- [Aim of the task] The result should be an exact copy of only the lines from the one with "Light Pink Hanging" through the last line of the data below, with pictures omitted.

Caption-style text data
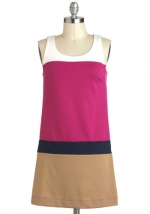 Pink colorblock shift dress at Modcloth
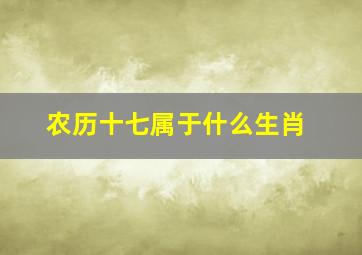 农历十七属于什么生肖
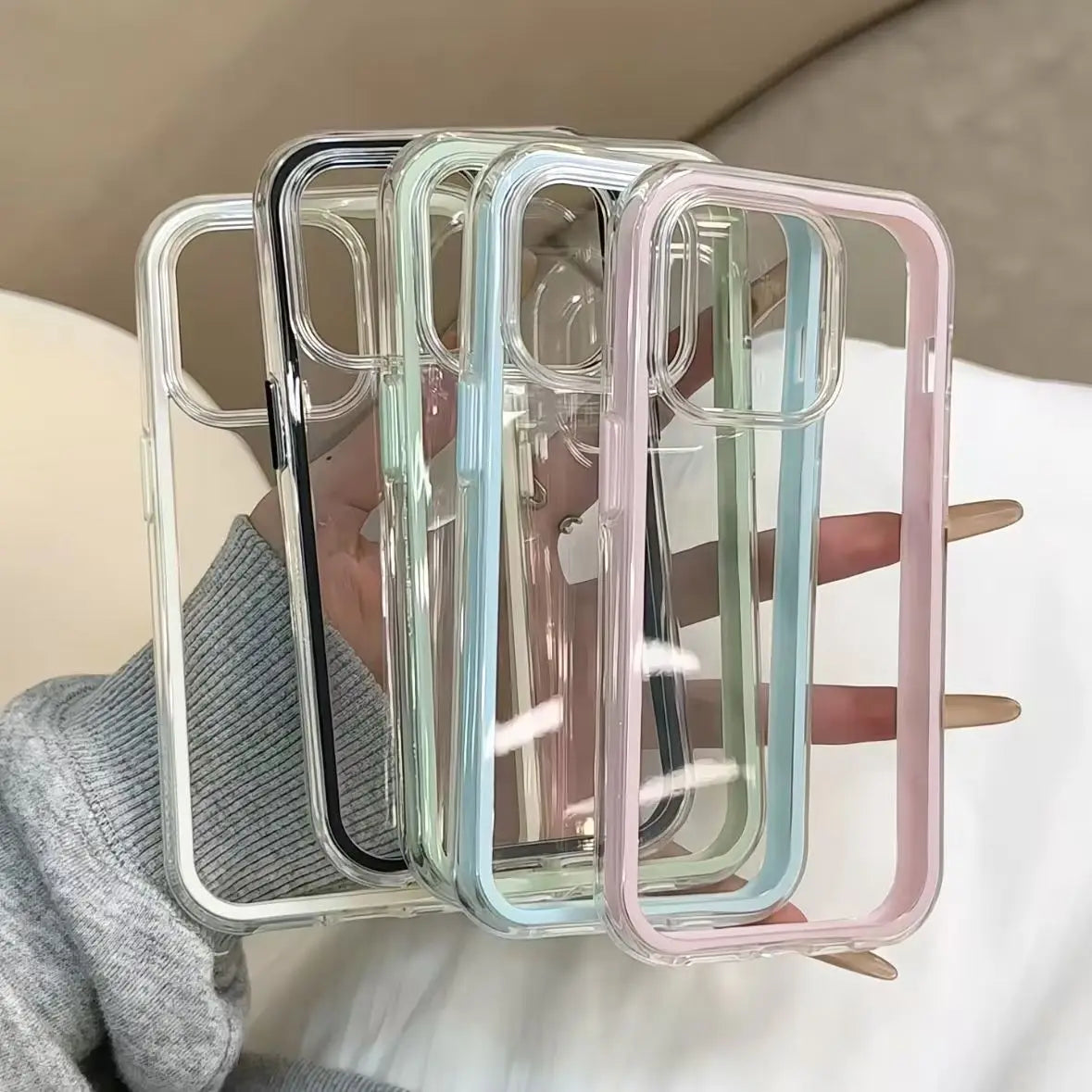 Luxury Candy Color Frame Clear Back Phone Case For iPhone 17 16 15 14 13 12 Pro Max 11 16PLUS 17 Acrylic Shockproof Bumper Cover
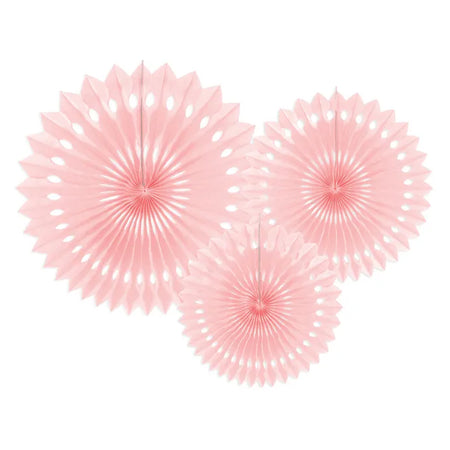 Light Pink Hanging Paper Fan Decorations - Pack of 3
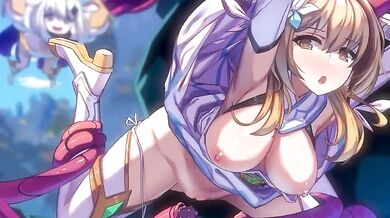 Watch as Paimon unleashes his tentacle monster self upon Lumine in this incredible porn video!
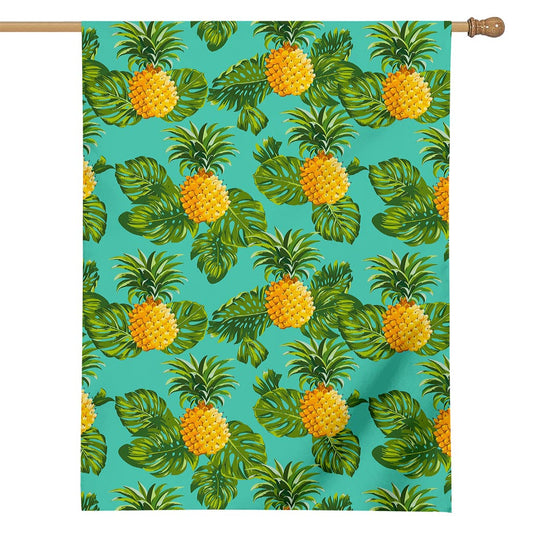 Palm Leaf Pineapple Pattern Print House Flag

- [Answer for the task]
 Light Pink Hanging Paper Fan Decorations - Pack of 3
 Watch as Paimon unleashes his tentacle monster self upon Lumine in this incredible porn video!
 Palm Leaf Pineapple Pattern Print House Flag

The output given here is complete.